Being Mindful

Expectations. What we want to happen. What we hope will happen.

Except things rarely turn exactly as we expect.

Again today, I met with several elderly widows in a nearby retirement community who wanted to hear more about my three years on a sailboat, a story I told in Sailing Down the Moonbeam.

Today’s topic was expectations—the fact that nothing on a sailboat ever goes according to plan. You can’t control the wind or the currents, so you have to live in the moment. Buddhists call it “mindfulness.”

I struggled as I drew up the agenda for the day. I already knew that each of the women had done something quite extraordinary with her life. What insights did my sailing adventure offer that they didn’t already know?

I needn’t have worried.

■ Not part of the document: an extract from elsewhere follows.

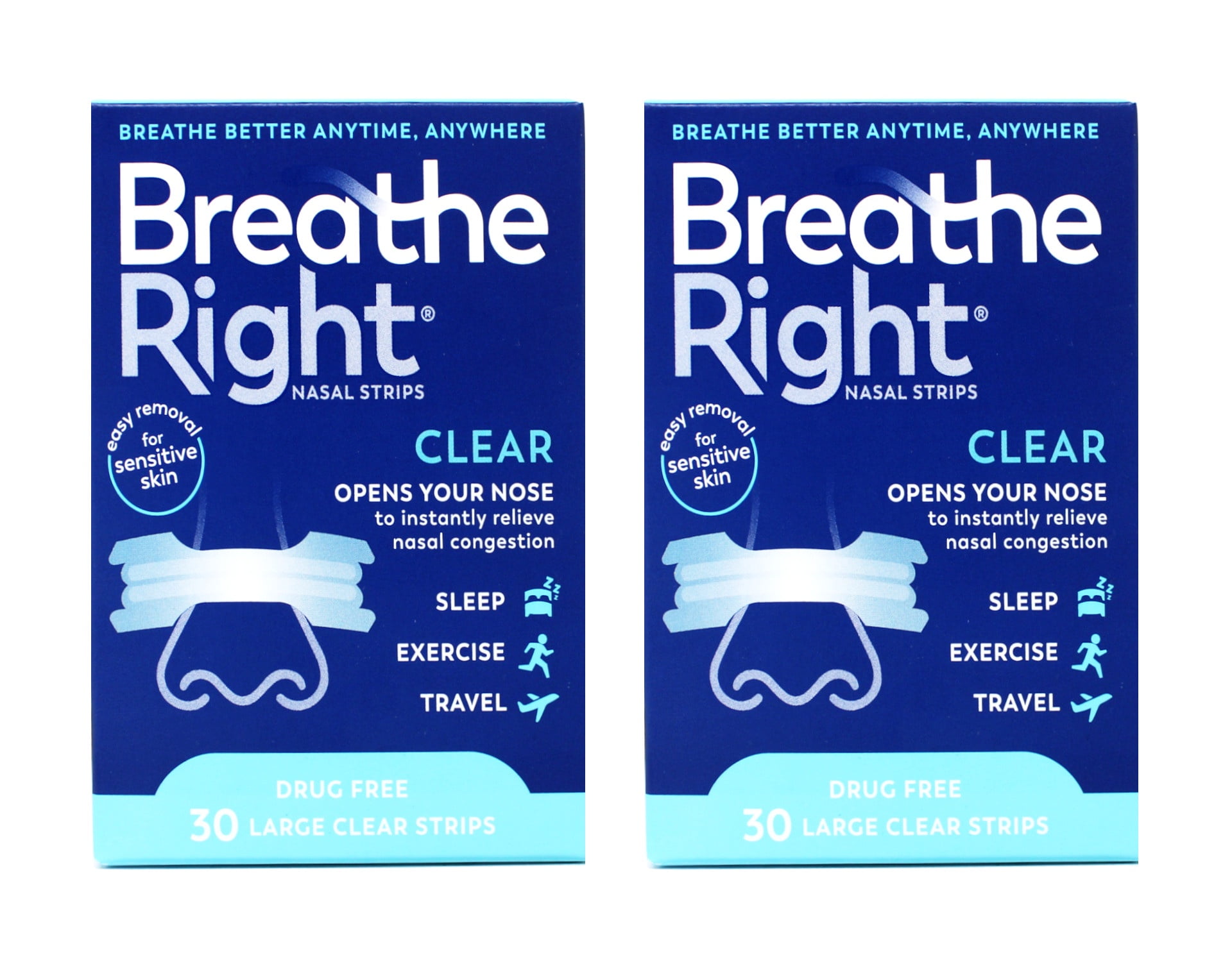 Breathe Right Nasal Strips Clear Large, 30 Drug-Free Strips for Sensitive Skin (pack of 2)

When I mentioned mindfulness and the related Buddhist notion that suffering is a consequence of desire—of wanting something you don’t have, of wanting to hang on to something you once had—it struck a chord. The hour flew by, as they shared their experiences of dealing with change in their own lives.

We never got around to my agenda. They were learning from each other. And once again, I was learning from them.

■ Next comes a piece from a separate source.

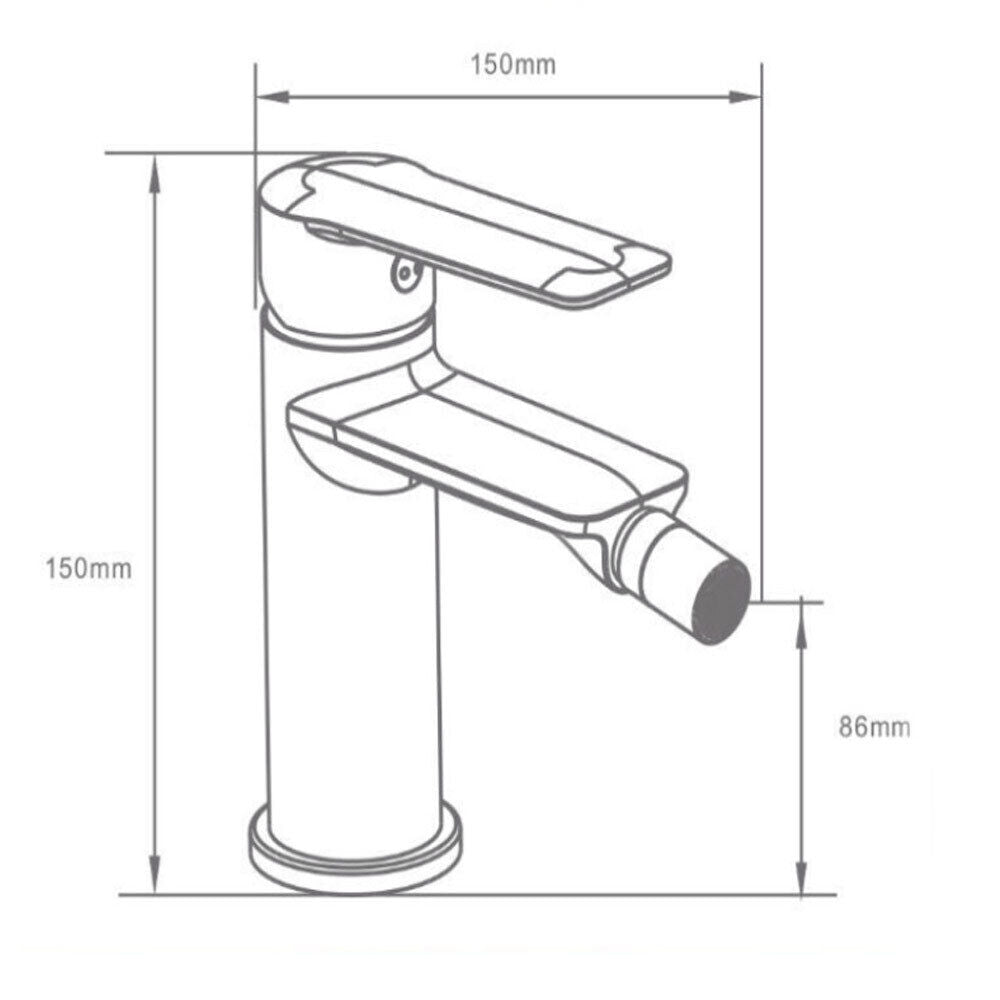 Rubinetto per bagno ultra moderno miscelatore orientabile bidet in ottone cromato lucido modello Sofi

That was mindfulness in action.


  1. This is one of the reasons I love my day job, Mary.
    I work with elderly women most of whom are on Hospice
    I learn so much from them. One of the most valuable things I’ve learned is to value and preserve precious memories.

    • Doreen. Thanks for the lovely thought … and for delving so far back into the archived blogs! We can always learn from other people, even when (in theory) we are supposed to be teaching!

  2. Elaine Moxon says


    What a beautiful story. Nothing can replace wisdom. No research texts can compare to first hand memories. I can empathise with your experience, having given a couple of talks on history, relating to my novels. I too worried what to share that might inform my audience. In the end it was the open discussion at the end, and after talk drinks where I learned some interesting things from my audience. It was humbling and uplifting.

    • Mary Gottschalk says

      Thanks Elaine. I agree that the best part of book groups and readings is the discussion that follows … in part what I as a human being learn from other’s experiences, in part the pleasure that I as an author or teacher get in realizing that my words or ideas have been able to touch something significant in my readers or students.
      Thanks for stopping by … I’ll check out your website!